The Conte government has since rejected the re-imposition of a full lock-down demanded by medical professionals. On November 9, the president of the Italian Federation of Medical Guilds called for a complete lock-down to prevent the spread of the virus.

The same day, the head of the infectious disease department at Milan’s Sacco Hospital told RAI news that a lock-down was required, “otherwise the pandemic will end up doing damage that goes beyond the already very sad number of deaths.” Conte replied in an interview with La Stampa on November 11 that such a lock-down “shouldn’t be the first choice” because “the costs are too high.”

Instead, the government has maintained a nationwide curfew from 10pm to 5am. High schools, covering the final two years of secondary education, are closed across the country, but middle school and primary schools have been kept open everywhere except in “red zones,” where the virus is spreading the fastest. Currently, only the central Abruzzo region is marked as “red.” In “orange zones,” bars and restaurants are closed, but commercial and retail stores remain open. Lombardy, Piedmont, Calabria, Bolzano and Tuscany are all among the “orange” zones.
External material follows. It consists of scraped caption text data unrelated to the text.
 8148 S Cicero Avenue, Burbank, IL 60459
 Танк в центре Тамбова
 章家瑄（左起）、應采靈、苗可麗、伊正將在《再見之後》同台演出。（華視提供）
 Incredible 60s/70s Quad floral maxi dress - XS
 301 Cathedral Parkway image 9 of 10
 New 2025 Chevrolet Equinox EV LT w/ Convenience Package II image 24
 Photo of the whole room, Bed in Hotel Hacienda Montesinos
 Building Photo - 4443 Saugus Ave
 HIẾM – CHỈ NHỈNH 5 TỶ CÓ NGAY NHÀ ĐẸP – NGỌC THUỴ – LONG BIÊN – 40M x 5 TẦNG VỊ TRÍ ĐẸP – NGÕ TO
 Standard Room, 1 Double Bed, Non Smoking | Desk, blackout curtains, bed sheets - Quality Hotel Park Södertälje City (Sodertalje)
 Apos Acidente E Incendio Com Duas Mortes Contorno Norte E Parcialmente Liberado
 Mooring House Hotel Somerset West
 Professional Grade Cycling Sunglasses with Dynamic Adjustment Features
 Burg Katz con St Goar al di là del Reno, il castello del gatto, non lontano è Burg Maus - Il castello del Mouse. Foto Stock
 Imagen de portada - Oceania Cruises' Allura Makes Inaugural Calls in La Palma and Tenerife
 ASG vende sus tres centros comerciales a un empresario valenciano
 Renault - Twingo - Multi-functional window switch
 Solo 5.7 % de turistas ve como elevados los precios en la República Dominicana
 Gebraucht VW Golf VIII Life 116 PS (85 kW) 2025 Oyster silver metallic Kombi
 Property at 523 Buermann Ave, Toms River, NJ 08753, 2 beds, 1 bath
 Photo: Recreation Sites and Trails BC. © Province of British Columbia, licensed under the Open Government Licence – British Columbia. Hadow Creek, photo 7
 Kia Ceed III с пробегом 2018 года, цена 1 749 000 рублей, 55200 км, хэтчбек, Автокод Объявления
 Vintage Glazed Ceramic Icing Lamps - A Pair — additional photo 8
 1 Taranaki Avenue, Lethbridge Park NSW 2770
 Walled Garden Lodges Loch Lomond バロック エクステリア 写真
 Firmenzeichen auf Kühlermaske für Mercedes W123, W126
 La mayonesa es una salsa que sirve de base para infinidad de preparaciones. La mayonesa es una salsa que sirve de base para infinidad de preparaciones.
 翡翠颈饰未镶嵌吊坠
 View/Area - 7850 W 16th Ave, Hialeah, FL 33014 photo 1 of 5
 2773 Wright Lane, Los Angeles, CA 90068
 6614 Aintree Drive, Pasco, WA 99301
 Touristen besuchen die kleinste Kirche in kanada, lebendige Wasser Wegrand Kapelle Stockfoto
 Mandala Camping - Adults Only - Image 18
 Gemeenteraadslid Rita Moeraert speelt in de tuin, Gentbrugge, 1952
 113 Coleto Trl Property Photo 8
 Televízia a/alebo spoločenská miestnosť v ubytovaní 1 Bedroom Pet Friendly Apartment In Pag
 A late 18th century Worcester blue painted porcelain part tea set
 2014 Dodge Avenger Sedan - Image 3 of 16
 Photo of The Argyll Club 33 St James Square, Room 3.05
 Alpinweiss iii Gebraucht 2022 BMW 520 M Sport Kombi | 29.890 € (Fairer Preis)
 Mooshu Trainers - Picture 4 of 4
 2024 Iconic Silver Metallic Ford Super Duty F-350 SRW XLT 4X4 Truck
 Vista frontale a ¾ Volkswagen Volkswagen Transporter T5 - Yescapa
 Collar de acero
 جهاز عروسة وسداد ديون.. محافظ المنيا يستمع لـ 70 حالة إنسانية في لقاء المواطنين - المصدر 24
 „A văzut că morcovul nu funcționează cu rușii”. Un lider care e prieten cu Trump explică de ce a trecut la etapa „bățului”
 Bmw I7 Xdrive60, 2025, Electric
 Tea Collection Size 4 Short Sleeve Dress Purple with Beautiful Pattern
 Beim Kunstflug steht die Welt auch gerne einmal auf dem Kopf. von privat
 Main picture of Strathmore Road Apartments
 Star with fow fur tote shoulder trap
The trade unions have not called the latest strike as an act of opposition against the government and its coronavirus policies. On the contrary, the unions have supported the opening of schools, and opposed any action to demand a lock-down with full wages provided to workers.

It has called a series of one-day actions whose purpose is to let off steam among workers, while doing nothing to oppose the government’s policies. The unions called the latest strike action after a similar token four-hour national stoppage on November 25, which shut down transport, education and health services across the country, including bus services in Rome.